De studenten die worden geaccepteerd in de selectie zijn dus niet geschikter voor de opleiding geneeskunde dan de studenten die worden afgewezen, concludeert Schripsema. “Bij deelname aan een selectieprocedure wordt er van je verwacht dat je je huiswerk doet, je je voorbereid. Ben je bereid het werk te doen – daar gaat het in feite over. Ongeacht of je door de selectie komt of niet. In de periode waarover ik onderzoek heb gedaan, was deelnemen aan de selectie een keuze. Je kon er ook voor kiezen om je alleen voor de loting in te schrijven, het erop te wagen. Die groep bleek het minst te presteren tijdens de studie.”

Zes jaar onderwijs

Betekent dit dat ze een voorstander is van selecteren? “Nee. Selectie heeft zeker voordelen: studenten hebben meer grip op hun lot dan bij loting, en selectie heeft daardoor veel maatschappelijk draagvlak. Maar selectie gaat altijd op basis van bepaalde eigenschappen en competenties. Daardoor heeft de één een grotere kans dan de ander. De vraag is altijd: hoe zorgen we ervoor dat we niet te veel dezelfde type studenten? Want we willen liever een diverse groep studenten.”

De effecten van selectie zijn de kosten niet waard, concludeert Schripsema. Want: met selectie ga je voorbij aan het feit dat iemand zes jaar onderwijs gaat volgen “We kunnen toetsen of iemand bepaalde competenties heeft, maar waarom zou iemand die die niet heeft die niet kunnen leren? In de opleiding kun je veel meer doen dan in een selectieprocedure.” Uitzonderingen daargelaten, zegt ze, is iedereen die het VWO met het juiste profiel heeft afgerond geschikt om de opleiding geneeskunde te volgen.
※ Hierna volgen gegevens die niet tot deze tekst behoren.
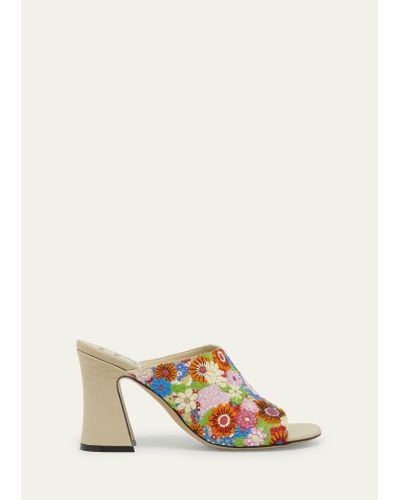 Loewe Calle Floral Embroidered Mule Sandals - Natural
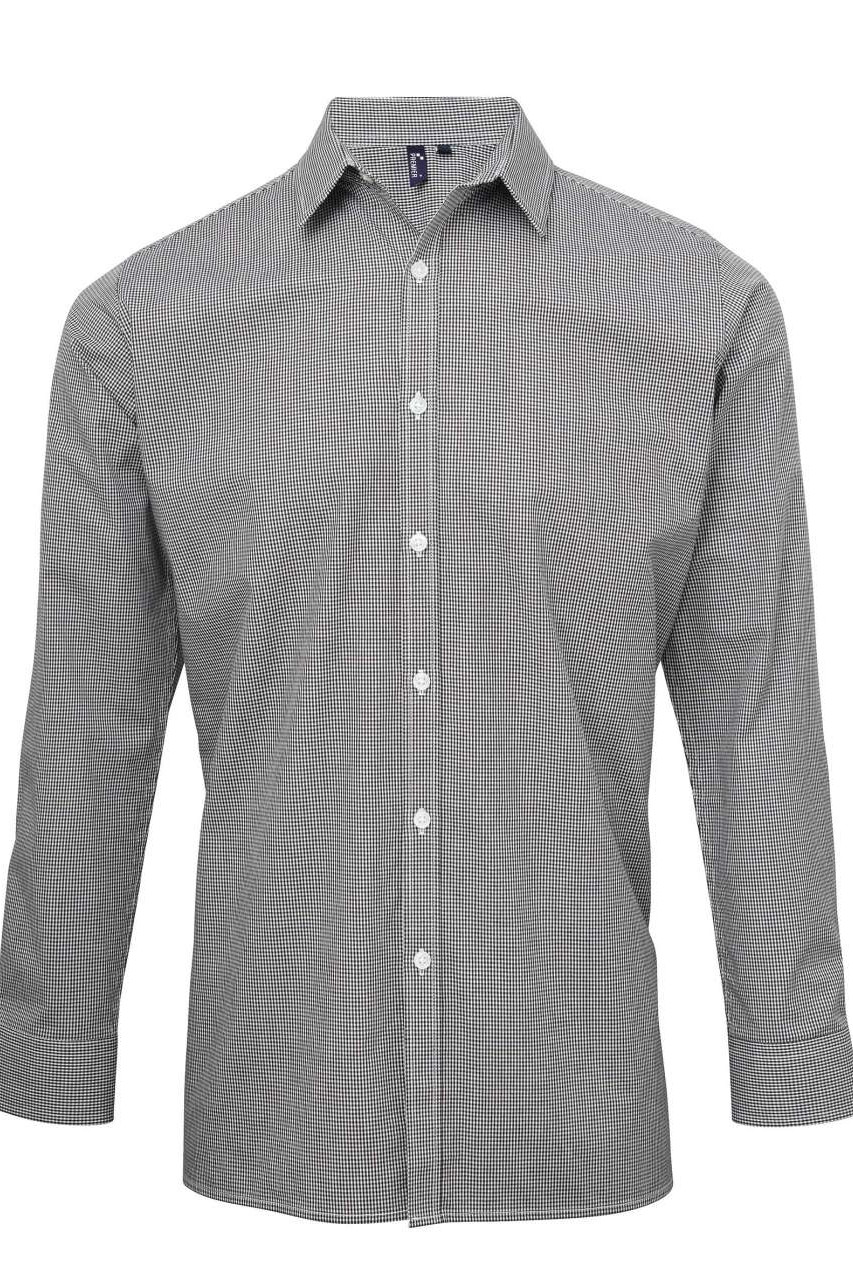 MEN'S LONG SLEEVE GINGHAM COTTON MICROCHECK SHIRT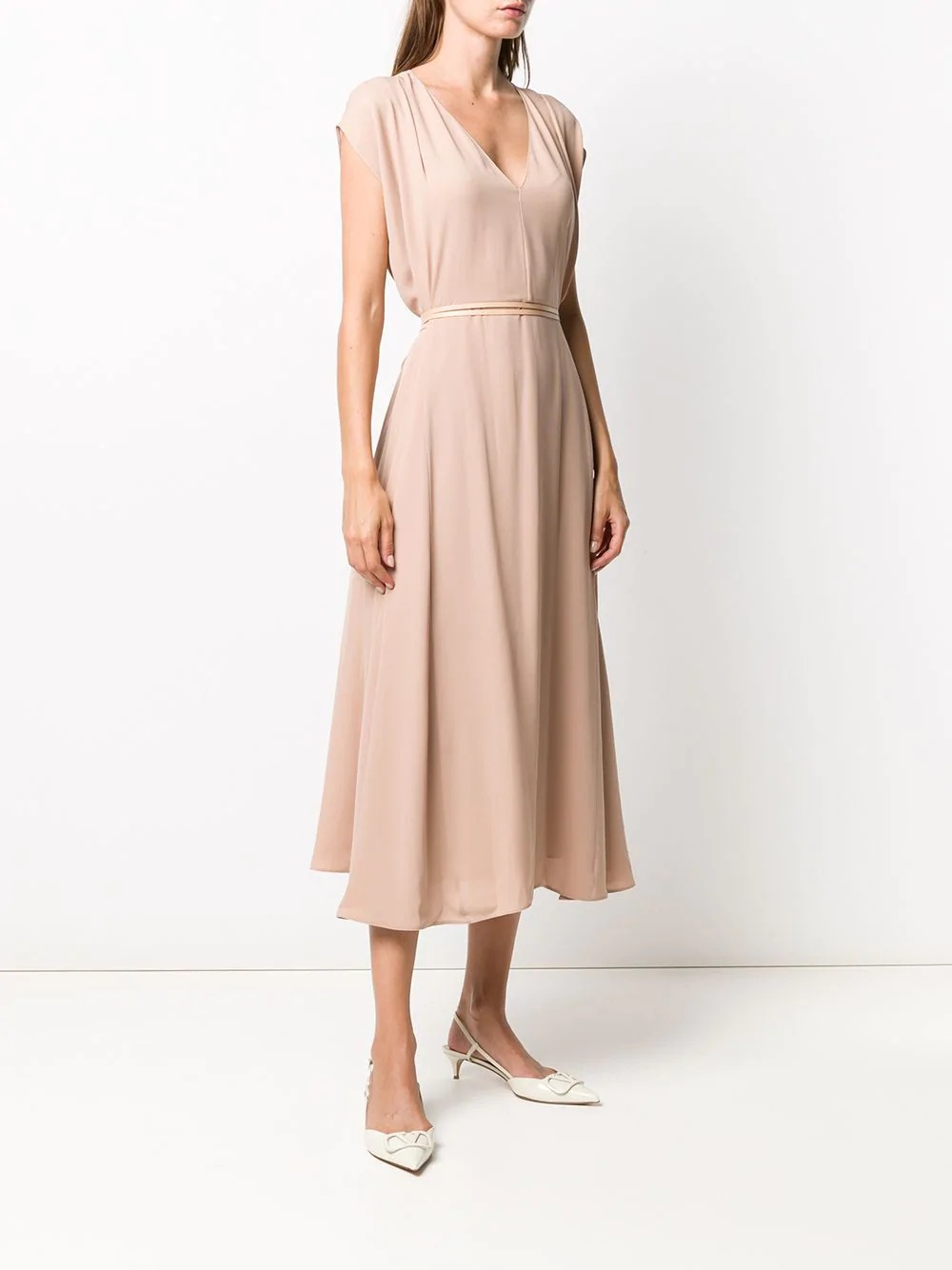 V-neck midi dress - 3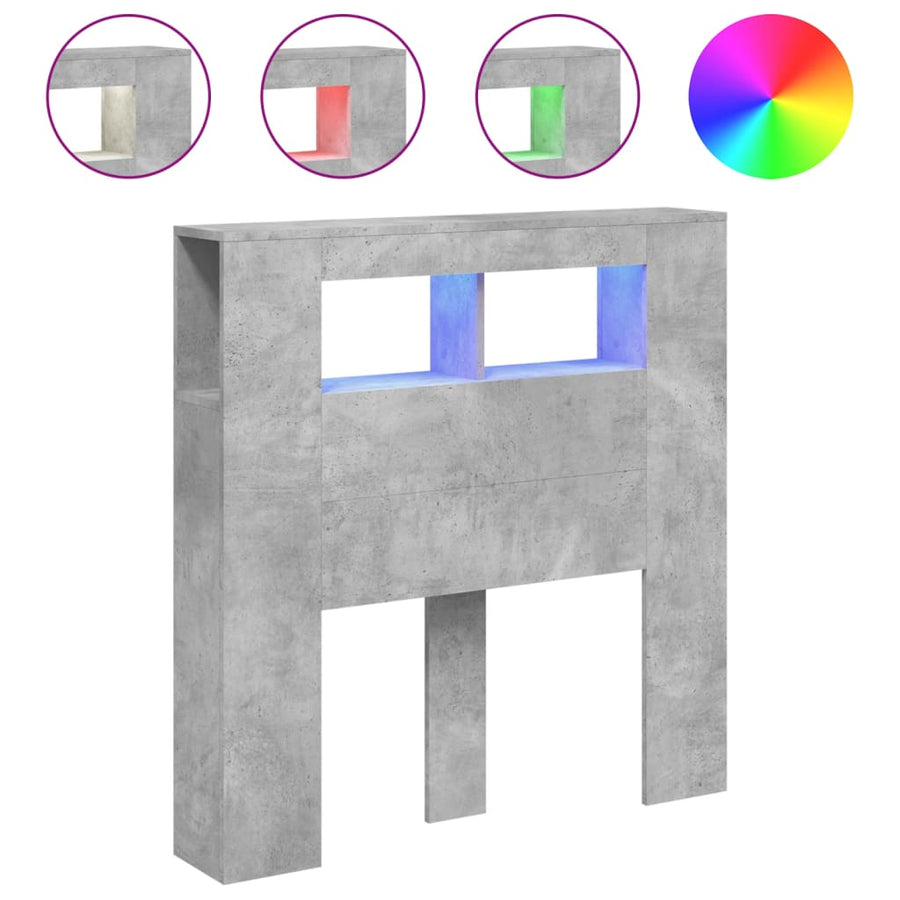 Hoofdeinde Met Led 00X8,5X03,5 Cm Bewerkt Hout 100 x 103.5 cm Betongrijs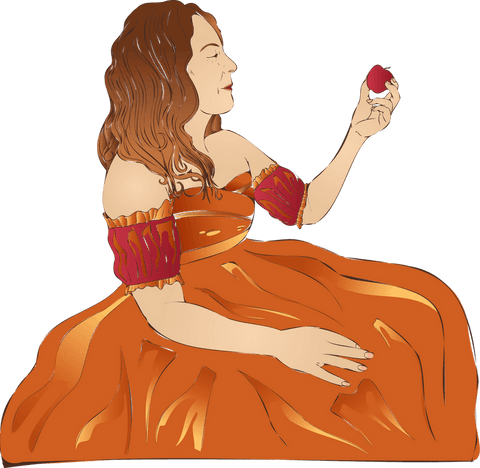 Elegant woman in orange gown holding red apple concept art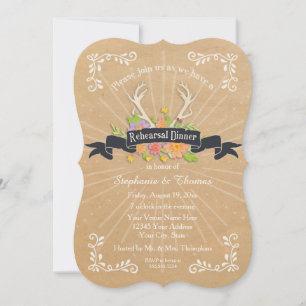 Probedinnerparty Geweih Wildblume Sternenexplosion Einladung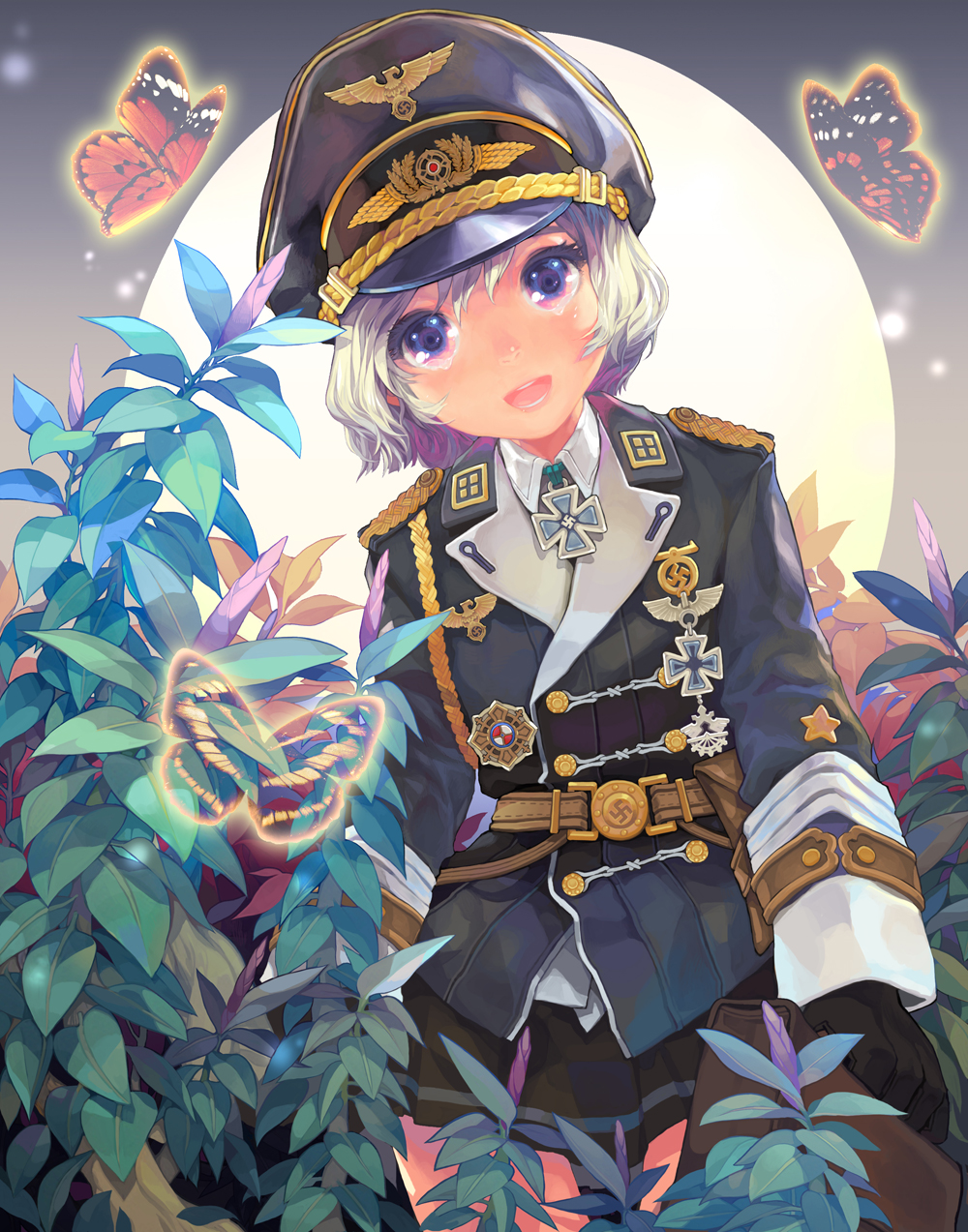 bad_id, belt, butterfly, gloves, hat, highres, military, military_uniform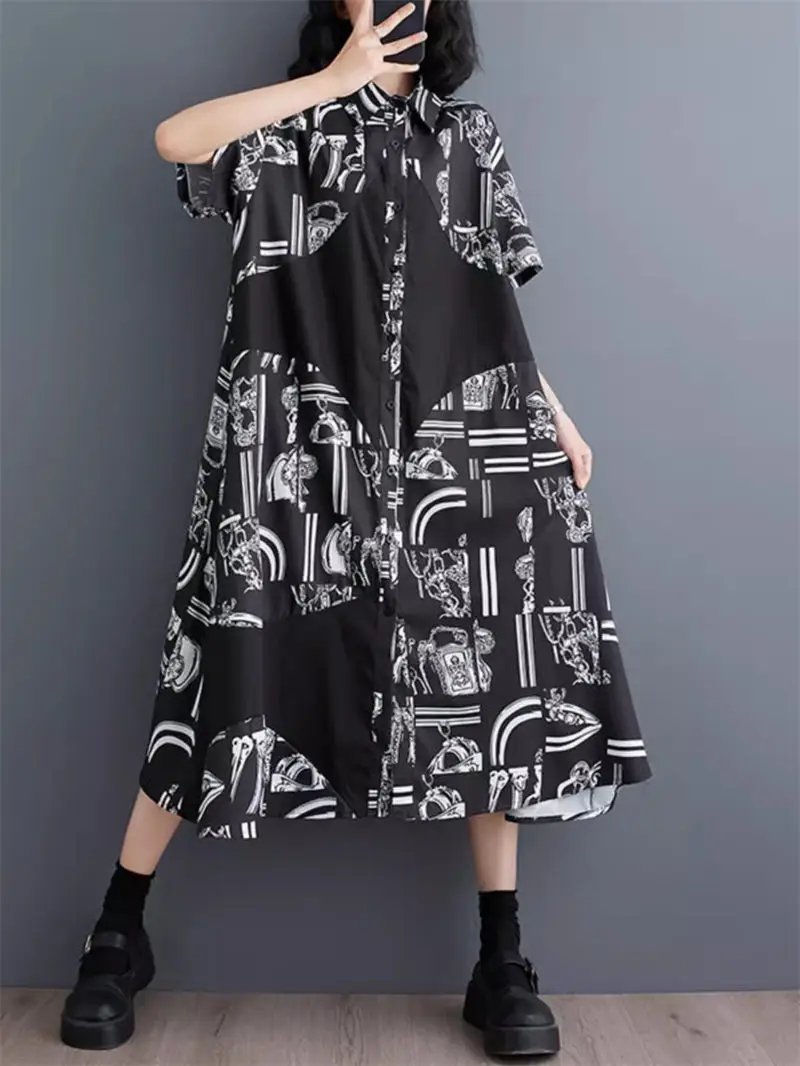 Large Size Women's Clothing 2024 Korean Summer New Short Sleeve Loose Fashion Print Mid Length Dress Shirt Female Robe K1723
Large Size Women's Clothing 2024 Korean Summer New Short Sleeve Loose Fashion Print Mid Length Dress Shirt Female Robe K1723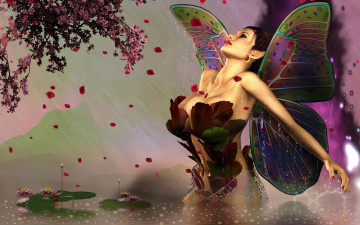 Картинка 3д+графика эльфы+ elves цветы вода фон взгляд эльфийка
Goed door een selectie komen geeft wel vertrouwen, zegt Schripsema: “De selectieprocedure is eigenlijk een soort proefstuderen. Dus ben je daar goed doorheen gekomen, dan kun je erop vertrouwen dat je de studie aankan.” Een tip aan de nieuwe studenten: “Realiseer je: het is veel werk, en er wordt veel getoetst. Wees aanwezig, bereid je goed voor en  hou het bij – dan komt het vast en zeker goed.”

En met de scholier-met-pech, de affaire die alle veranderingen in gang zette? Met haar kwam het ook goed. Ze kon via een omweg toch beginnen aan de studie geneeskunde en is nu hoogleraar Radiologie en Epidemiologie aan het Erasmus UMC in Rotterdam.